7.16.2010: Downtown San Franciso, CA: Ian Edmundson, Ryan Sandrock, and Elizabeth Boodle Herp

(Liz, Dad, Ryan)

It has been years since the last time I had dim sum in San Francisco and I not only love the food, but the whole craziness of the system, so I posted that we’d be going on Dad’s facebook wall and once it was there, it was like a contract that he couldn’t get out of, especially because he got an immediate taker who we didn’t even know was in San Francisco, Ryan Sandrock, former civics teacher and track coach extraordinaire of ESA from right around 1999. Also joining us was Ian Edmundson who left ESA to go to boarding school after his freshman year (he would have graduated sometime in the ‘80s), and Liz Boodle, whom dad had taught during his days at St. Andrews, and crazily had been Mary Cobb’s roommate (whom we had stayed with outside of Kansas City).

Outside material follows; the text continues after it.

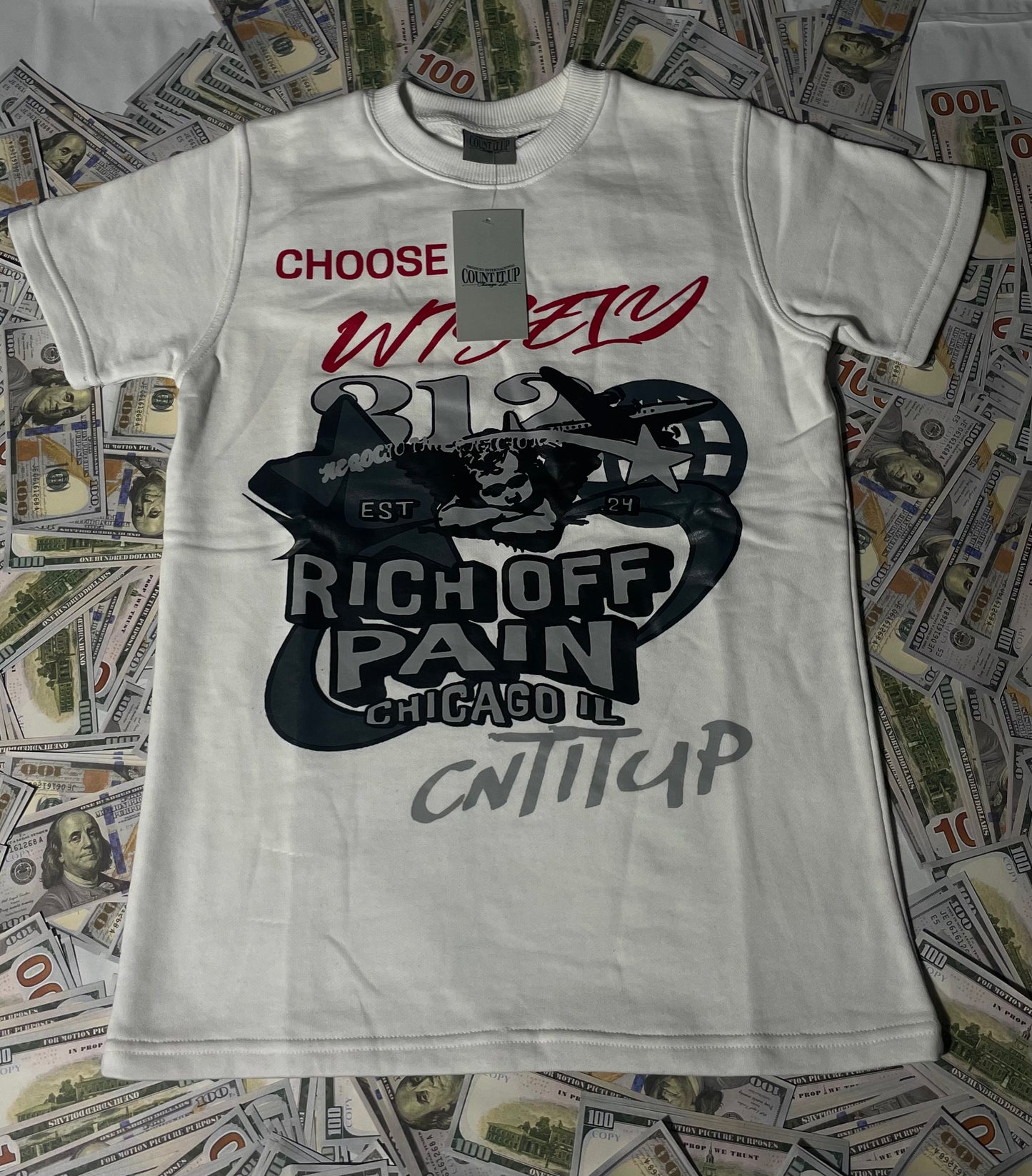 WHITE RICH OFF PAIN T SHIRT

(From left to right: Ian, Isabelle, Me, Liz, Dad, Ryan)

Although Ian hadn’t graduated from ESA, he had written a book about the history of the founding of ESA! We learned that while the founders quibbled over what the school should be named, Jerry Simon, New Iberian lawyer and grandfather of alumnae Maggie, Katherine, and Martha Simon, had to fill out the paperwork to create the legal status of the school. So he gave the school the simplest and most precise name that he could think of—just for the paperwork—and it stuck. Otherwise, Ian’s working as a finance consultant for small businesses in the bay area, has three children, one of whom is an infant, and doesn’t get a lot of sleep at night.

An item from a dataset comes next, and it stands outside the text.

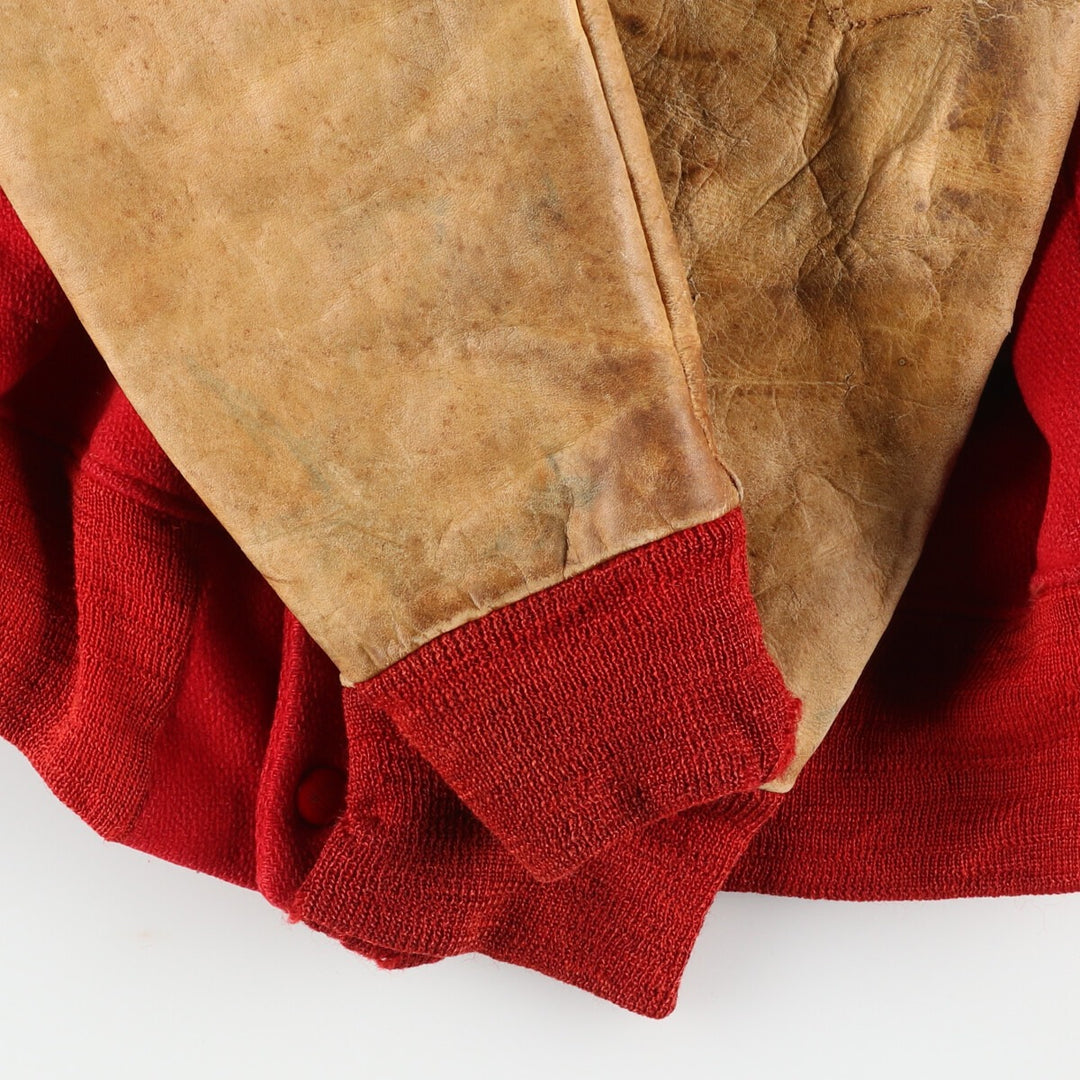 60s~ TOM HARMER Leather Sleeve Wool Stadium Jacket Award Jacket Varsity Jacket Men's L Vintage /eaa395113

Liz Boodle was really excited to see dad, as he had been her favorite teacher (he thought she was a great student too) at St. Andrew’s. Dad had told us that she was the sweetest and one of the best students he had taught there. She let him know that appearances were deceiving. She said that she had been on the verge of expulsion during the entirety of her career there, and had even had to go in front of the discipline council a time or two. Although she may have not been the ideal student, she did say that going to boarding school kept her out of worse trouble had she not gone. Now she’s a lawyer in San Francisco, married to another lawyer, and has a blonde son who looks just like his father. I know this because she invited us to stay in her very charming Victorian house, at which we ungraciously arrived very late, and after having cocktails with a whole slew of other alumni.